Extracted data
▽
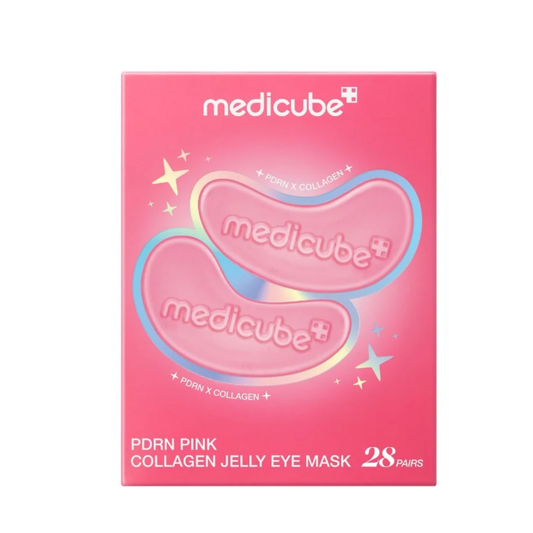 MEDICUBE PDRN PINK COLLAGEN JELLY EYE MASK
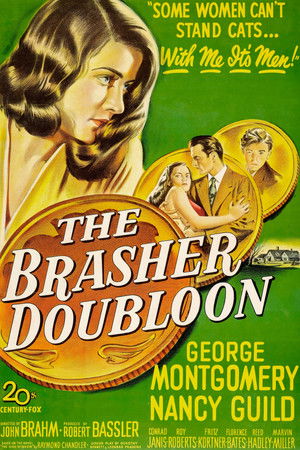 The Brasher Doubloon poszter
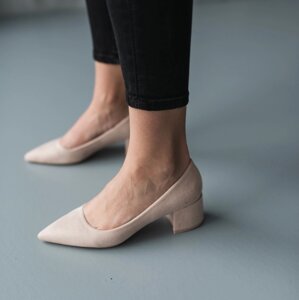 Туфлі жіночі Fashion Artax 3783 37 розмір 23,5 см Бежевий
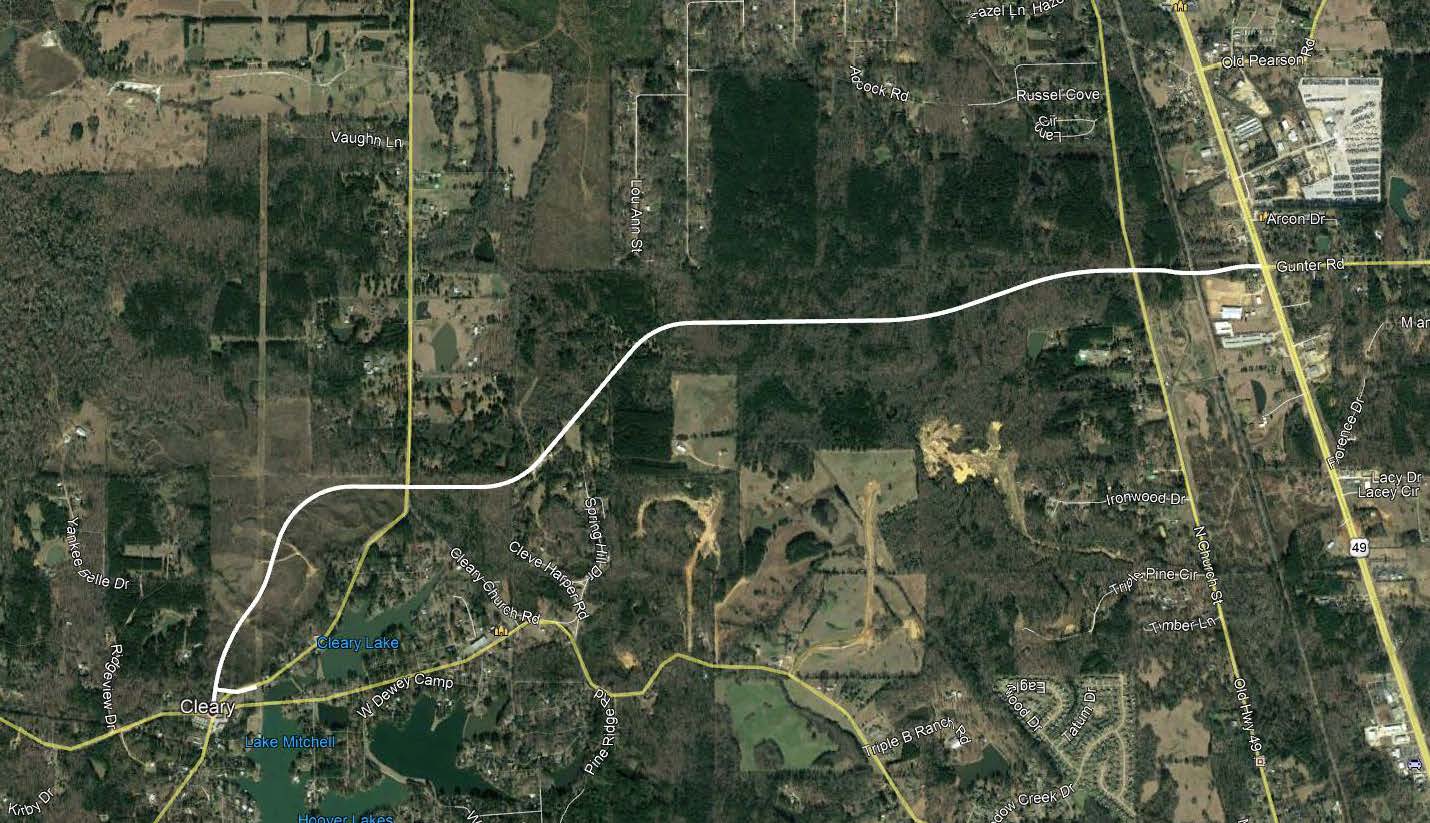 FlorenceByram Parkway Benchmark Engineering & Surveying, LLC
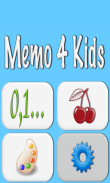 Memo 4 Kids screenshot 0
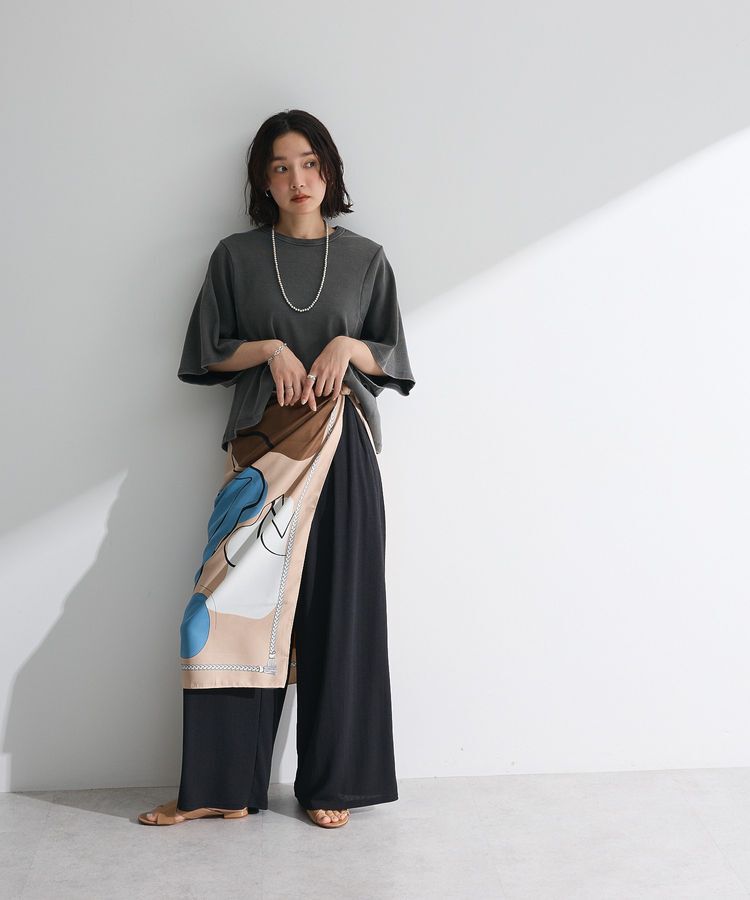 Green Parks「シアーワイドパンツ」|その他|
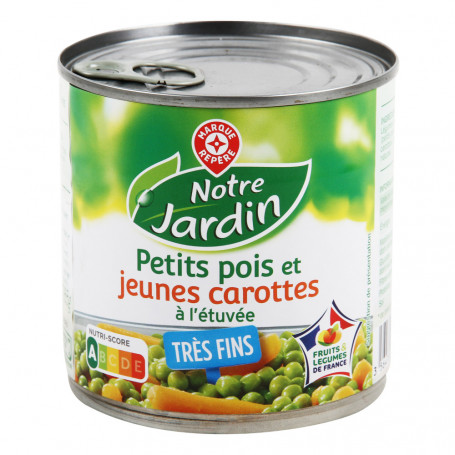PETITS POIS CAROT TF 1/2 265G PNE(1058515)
△
What to produce
Leave every picture out, and reproduce exactly the lines from the line bearing "The Brasher Doubloon poszter" through the closing line of the material above.

Answer below
 The Brasher Doubloon poszter
 Туфлі жіночі Fashion Artax 3783 37 розмір 23,5 см Бежевий
 FlorenceByram Parkway Benchmark Engineering & Surveying, LLC
 Memo 4 Kids screenshot 0
 Green Parks「シアーワイドパンツ」|その他|
PETITS POIS CAROT TF 1/2 265G PNE(1058515)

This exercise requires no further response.